■ Brief descriptive captions ■
--

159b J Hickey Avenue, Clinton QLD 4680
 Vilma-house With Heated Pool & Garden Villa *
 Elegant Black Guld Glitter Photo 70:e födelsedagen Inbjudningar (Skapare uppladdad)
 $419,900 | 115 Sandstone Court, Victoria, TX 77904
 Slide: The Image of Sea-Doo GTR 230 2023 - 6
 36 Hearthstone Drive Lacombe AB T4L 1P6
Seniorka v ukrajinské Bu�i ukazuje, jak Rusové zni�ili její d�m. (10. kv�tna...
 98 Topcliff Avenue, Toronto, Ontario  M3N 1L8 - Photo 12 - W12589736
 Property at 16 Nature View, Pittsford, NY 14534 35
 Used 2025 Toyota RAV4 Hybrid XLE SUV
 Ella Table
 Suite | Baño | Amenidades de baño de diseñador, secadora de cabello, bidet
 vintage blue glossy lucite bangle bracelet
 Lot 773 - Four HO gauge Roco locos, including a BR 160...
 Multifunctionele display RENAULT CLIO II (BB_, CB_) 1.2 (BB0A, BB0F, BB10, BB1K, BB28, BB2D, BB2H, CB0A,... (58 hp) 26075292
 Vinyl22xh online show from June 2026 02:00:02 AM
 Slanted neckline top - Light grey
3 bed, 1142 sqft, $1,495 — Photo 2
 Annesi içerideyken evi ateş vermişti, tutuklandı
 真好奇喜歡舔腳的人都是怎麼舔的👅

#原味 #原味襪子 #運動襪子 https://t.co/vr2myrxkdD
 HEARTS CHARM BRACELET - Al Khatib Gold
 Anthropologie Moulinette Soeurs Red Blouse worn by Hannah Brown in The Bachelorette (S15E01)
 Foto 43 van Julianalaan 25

--

■ Exercise aim ■
Please transcribe only the lines in the records above running from the line that has "Property at 16" through the line that has "Slanted neckline top - Light grey", both included, exactly as they appear.

■ Reply ■
 Property at 16 Nature View, Pittsford, NY 14534 35
 Used 2025 Toyota RAV4 Hybrid XLE SUV
 Ella Table
 Suite | Baño | Amenidades de baño de diseñador, secadora de cabello, bidet
 vintage blue glossy lucite bangle bracelet
 Lot 773 - Four HO gauge Roco locos, including a BR 160...
 Multifunctionele display RENAULT CLIO II (BB_, CB_) 1.2 (BB0A, BB0F, BB10, BB1K, BB28, BB2D, BB2H, CB0A,... (58 hp) 26075292
 Vinyl22xh online show from June 2026 02:00:02 AM
 Slanted neckline top - Light grey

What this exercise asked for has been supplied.